Extended Data Fig. 9 Predictive modeling and ROC analytics of gene expression and CNA data.
ROC and precision-recall curves for the predictive model based on gene expression data shown in Fig. 4A-C. Curves are shown for the CIS discovery set (a-b), CIS validation set (c-d) and application to TCGA LUSC data (e-f). Using an analogous method to gene expression and methylation we used copy number data derived from methylation arrays to predict lesion outcome. Probe-level copy number changes were aggregated over cytogenetic bands; these data were used as input to Prediction Analysis of Microarrays (PAM). g-i, Probability plot based on a 154 cytogenetic band signature for correct class prediction (red circles indicate progressive lesions, green circles indicate regressive lesions). The area under the curve for the 154-cytogenetic band signature is 0.86. j-l, Application of our predictive model to previously published data (van Boerdonk et al.) replicates their result, classifying all regressive and 9/12 progressive samples correctly. This dataset included pre-invasive samples of various histological grades, rather than only CIS. m-o, Application of our predictive model to TCGA copy number data. Samples were correctly classified into TCGA LUSC and TCGA control samples with an AUC of 0.98.
Extended Data Fig. 10 Predictive modeling of methylation data.

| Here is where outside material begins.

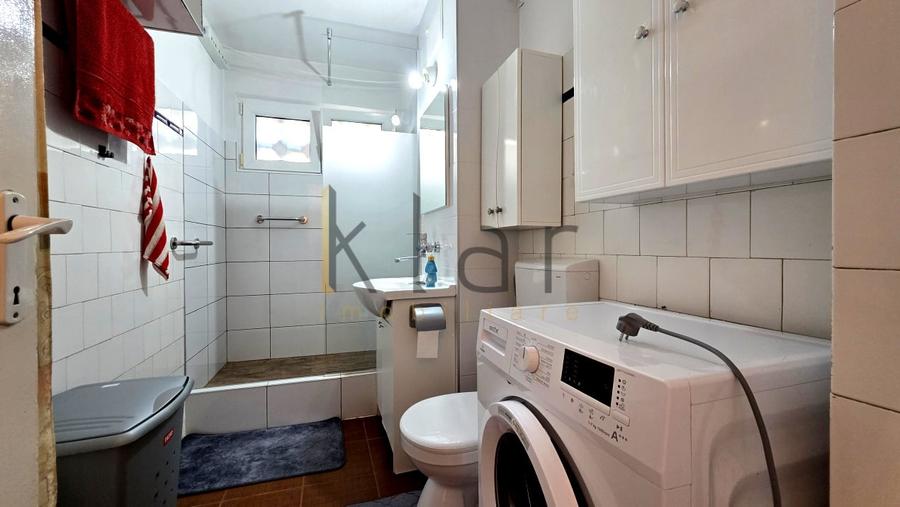 Apartament 3 camere 65mp,decomandat, Manastur - zona Big - 7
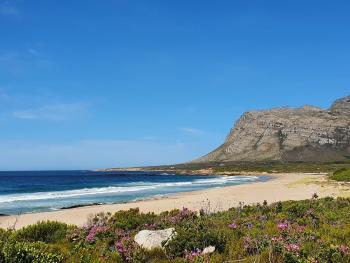Monas Risibiki Seaside, Kleinmond (fotografie 5)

In addition to the predictive modeling based on probe variation shown in Fig. 5, we used differentially expressed methylation probes to create a predictor using a Prediction Analysis for Microarrays (PAM) method. The model was trained on a training set (a-c) consisting of 26 progressive samples, 11 regressive samples and 23 control samples, shown in red, green and blue, respectively. A predictor based on 141 DMPs was created. This was applied to a validation set of 10 progressive, 7 regressive and 10 control samples (d-f), predicting outcome with AUC = 0.99. g-i, Application of our predictive model to TCGA methylation data. Samples were correctly classified into TCGA LUSC and TCGA control samples with AUC = 0.99. j-m, ROC analytics and precision-recall curves for Methylation Heterogeneity Index (MHI) model presented in Fig. 4. Curves apply to cancer vs control (j-k) and progressive vs regressive (l-m), respectively. n, Histogram of AUC values using MHI model with random samples of 2000 probes, applied to progressive vs regressive data. This demonstrates that a similar AUC is achieved with a random sample of probes as when using the entire array.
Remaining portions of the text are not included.